GridGain Provides SQL with Indexing for 1,000x Faster Spark Queries

The GridGain in-memory computing platform is built on Apache Ignite which includes an in-memory data grid, compute grid, streaming, and acceleration solutions for Hadoop and Apache Spark. Apache Spark is an open source fast and general engine for large-scale data processing. GridGain and Spark are in-memory computing solutions but they target different use cases and are complementary. They can be used together to achieve superior performance and functionality.

Apache Spark Plus GridGain for Faster SQL Queries

Apache Spark supports a fairly rich SQL syntax. However, it doesn’t support indexing the data so Spark must do full scans all the time. Spark queries may take minutes, even on moderately small data sets. GridGain supports SQL indexes for faster queries, so Spark SQL can be accelerated over 1,000x when using Spark plus GridGain. The result set returned by GridGain Shared RDDs also supports Spark Dataframe API, so it can be further analyzed using standard Spark data frames as well. Both Apache Spark and GridGain natively integrate with Apache YARN and Apache Mesos so they can easily be used together.

GridGain and Apache Spark Integration

The Shared RDD API implemented in GridGain is one of the main integrations for GridGain and Apache Spark. Spark shared RDDs are essentially wrappers around GridGain caches which can be deployed directly inside of Spark processes that are executing Spark jobs. Spark shared RDDs can also be used with the cache-aside pattern, where GridGain clusters are deployed separately from Spark, but still in-memory. The data is still accessed using Spark RDD APIs.

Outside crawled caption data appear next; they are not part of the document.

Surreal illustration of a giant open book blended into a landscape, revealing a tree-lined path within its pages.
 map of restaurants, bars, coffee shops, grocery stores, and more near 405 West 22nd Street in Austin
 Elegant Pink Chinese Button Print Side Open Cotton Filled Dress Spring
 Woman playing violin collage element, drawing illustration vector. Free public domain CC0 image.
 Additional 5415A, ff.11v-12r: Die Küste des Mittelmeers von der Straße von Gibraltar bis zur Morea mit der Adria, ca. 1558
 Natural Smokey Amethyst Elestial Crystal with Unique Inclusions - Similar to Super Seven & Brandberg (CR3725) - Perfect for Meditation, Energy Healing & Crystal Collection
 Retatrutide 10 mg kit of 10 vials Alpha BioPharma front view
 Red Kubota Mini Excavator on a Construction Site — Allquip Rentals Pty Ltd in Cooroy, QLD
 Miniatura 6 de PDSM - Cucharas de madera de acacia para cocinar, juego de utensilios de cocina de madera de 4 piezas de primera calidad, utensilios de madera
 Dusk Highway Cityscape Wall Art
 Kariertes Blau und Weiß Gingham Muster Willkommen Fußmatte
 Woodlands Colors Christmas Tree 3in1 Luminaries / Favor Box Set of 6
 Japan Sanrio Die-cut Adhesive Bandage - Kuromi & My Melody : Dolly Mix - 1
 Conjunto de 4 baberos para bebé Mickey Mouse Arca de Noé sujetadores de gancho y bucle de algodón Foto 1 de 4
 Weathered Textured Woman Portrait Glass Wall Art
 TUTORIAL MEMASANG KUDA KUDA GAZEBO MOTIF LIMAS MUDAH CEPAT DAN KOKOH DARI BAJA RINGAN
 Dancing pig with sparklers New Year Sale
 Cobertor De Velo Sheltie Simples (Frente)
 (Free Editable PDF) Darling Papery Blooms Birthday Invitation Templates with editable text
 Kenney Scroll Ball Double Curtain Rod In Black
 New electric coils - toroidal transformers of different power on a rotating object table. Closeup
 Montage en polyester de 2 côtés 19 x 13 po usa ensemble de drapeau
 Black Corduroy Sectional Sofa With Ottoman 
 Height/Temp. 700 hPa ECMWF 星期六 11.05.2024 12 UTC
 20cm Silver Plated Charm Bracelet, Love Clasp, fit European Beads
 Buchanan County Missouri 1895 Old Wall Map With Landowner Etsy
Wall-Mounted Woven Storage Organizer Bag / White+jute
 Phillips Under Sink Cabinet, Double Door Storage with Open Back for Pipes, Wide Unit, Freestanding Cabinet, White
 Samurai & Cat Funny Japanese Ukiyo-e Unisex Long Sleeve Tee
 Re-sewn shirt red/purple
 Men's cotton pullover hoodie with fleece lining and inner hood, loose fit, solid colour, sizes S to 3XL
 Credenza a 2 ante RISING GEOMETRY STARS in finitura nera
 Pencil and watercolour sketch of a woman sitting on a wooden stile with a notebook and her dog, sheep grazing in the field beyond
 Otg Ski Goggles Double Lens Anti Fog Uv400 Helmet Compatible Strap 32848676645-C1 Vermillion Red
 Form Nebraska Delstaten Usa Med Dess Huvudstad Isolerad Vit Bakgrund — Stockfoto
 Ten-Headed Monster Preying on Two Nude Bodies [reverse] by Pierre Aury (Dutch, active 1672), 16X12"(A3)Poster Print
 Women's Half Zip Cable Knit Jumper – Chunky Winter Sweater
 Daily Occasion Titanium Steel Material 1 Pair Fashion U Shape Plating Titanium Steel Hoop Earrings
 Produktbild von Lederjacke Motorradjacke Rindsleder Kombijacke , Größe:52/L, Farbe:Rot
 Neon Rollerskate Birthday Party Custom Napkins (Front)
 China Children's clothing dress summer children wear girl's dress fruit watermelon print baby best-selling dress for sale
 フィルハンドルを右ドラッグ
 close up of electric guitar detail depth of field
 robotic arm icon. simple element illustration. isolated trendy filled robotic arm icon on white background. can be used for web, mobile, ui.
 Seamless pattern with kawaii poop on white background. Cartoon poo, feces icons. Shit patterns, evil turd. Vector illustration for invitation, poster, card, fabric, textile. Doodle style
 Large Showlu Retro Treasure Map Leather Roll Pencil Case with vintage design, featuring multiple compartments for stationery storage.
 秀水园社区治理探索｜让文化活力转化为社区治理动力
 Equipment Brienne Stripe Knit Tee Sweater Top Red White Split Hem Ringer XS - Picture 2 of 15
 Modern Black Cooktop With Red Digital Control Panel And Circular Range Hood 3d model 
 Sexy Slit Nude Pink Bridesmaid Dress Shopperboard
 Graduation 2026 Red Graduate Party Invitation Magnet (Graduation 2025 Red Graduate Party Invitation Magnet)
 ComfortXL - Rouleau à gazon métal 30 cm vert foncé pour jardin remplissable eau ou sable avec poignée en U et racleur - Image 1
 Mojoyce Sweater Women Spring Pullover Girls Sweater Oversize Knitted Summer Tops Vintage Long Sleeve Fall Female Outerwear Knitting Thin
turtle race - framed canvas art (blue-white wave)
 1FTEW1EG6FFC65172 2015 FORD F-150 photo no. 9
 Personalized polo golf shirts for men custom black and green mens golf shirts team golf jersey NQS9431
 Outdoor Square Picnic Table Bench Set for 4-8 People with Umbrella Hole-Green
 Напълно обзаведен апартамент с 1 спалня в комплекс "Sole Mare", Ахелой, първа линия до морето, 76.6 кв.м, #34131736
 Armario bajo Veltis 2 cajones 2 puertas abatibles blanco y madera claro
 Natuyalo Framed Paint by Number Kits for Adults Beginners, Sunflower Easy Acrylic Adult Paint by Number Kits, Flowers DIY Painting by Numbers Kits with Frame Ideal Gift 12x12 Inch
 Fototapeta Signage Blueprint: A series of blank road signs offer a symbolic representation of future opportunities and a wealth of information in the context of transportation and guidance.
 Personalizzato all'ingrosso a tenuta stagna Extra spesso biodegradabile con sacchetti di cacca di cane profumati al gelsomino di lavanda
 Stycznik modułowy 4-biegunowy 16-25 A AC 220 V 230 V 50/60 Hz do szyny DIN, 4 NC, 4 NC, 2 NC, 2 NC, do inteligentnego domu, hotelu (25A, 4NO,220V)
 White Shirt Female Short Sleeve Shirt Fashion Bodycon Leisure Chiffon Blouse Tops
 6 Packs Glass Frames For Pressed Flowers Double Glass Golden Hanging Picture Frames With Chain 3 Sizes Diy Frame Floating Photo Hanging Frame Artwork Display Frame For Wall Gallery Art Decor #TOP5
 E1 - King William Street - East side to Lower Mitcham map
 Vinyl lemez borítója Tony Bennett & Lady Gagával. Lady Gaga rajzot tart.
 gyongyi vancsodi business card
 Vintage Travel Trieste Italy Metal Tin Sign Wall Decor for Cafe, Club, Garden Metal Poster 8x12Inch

GridGain RDDs are used through IgniteContext which is the main entry point into GridGain RDDs. It allows users to specify different GridGain configurations. GridGain can be accessed in client mode or server mode. Users can create new shared RDDs, which essentially means that new GridGain caches are created with different configurations and different indexing strategies. GridGain supports fully replicated or partitioned caches to support a variety of partitioning and replication strategies.

Everything that can be done in GridGain can be done with IgniteContext by passing a proper GridGain configuration. The RDD syntax is native so it can be accessed using the native Spark RDD syntax. The main difference is that GridGain RDDs are mutable while Spark RDDs are immutable. Mutable GridGain RDDs enable them to be updated at the end of or during every job or task execution and ensures that other applications and jobs can be notified and can read the state.

Shared In-Memory File System with Apache Spark Plus GridGain

When working with files instead of RDDs, it is still possible to share state between Spark jobs and applications using the GridGain In-Memory File System (GGFS). GGFS implements the Hadoop FileSystem API and can be deployed as a native Hadoop file system, just like HDFS. GridGain plugs in natively to any Hadoop environment and any Spark environment. An in-memory file system can be used with zero code changes in plug-n-play fashion.